**Working data**.
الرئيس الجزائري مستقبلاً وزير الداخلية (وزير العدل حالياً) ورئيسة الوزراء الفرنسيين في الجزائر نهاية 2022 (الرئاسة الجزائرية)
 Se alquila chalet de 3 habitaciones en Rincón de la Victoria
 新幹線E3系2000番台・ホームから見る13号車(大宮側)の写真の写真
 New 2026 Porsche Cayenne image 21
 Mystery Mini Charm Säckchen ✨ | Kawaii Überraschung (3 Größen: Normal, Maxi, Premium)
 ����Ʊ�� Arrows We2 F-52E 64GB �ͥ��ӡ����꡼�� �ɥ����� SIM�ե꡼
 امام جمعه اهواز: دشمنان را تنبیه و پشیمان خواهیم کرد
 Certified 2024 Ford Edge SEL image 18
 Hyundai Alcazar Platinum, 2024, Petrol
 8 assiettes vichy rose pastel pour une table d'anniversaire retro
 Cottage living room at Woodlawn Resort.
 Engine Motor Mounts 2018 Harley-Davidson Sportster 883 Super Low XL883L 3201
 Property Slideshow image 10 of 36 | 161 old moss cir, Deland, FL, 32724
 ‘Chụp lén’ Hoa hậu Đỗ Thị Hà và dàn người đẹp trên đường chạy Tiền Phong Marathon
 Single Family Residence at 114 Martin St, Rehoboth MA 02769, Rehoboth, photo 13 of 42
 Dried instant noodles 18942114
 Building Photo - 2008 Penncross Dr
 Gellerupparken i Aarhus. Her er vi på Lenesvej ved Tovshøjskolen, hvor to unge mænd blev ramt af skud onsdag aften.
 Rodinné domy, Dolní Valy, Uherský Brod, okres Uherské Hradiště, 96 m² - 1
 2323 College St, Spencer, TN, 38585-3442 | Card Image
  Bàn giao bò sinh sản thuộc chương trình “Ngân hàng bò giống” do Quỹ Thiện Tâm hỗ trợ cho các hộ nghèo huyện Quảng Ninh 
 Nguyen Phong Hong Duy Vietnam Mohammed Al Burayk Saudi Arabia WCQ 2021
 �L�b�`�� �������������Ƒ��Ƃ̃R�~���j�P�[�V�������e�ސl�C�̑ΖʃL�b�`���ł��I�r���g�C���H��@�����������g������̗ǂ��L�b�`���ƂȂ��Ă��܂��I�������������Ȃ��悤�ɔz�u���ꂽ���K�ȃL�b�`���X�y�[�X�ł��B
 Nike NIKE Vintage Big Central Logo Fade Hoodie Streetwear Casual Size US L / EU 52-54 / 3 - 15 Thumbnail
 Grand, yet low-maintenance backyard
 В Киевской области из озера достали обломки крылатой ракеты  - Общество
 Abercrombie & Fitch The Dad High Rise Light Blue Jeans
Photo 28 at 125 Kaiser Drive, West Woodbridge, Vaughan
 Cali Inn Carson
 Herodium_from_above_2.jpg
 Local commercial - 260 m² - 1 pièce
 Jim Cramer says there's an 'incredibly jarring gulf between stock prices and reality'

**What you are asked to do**.
In the material above, how many lines include the string "Phong"? State the number alone.

**Answer box**.
2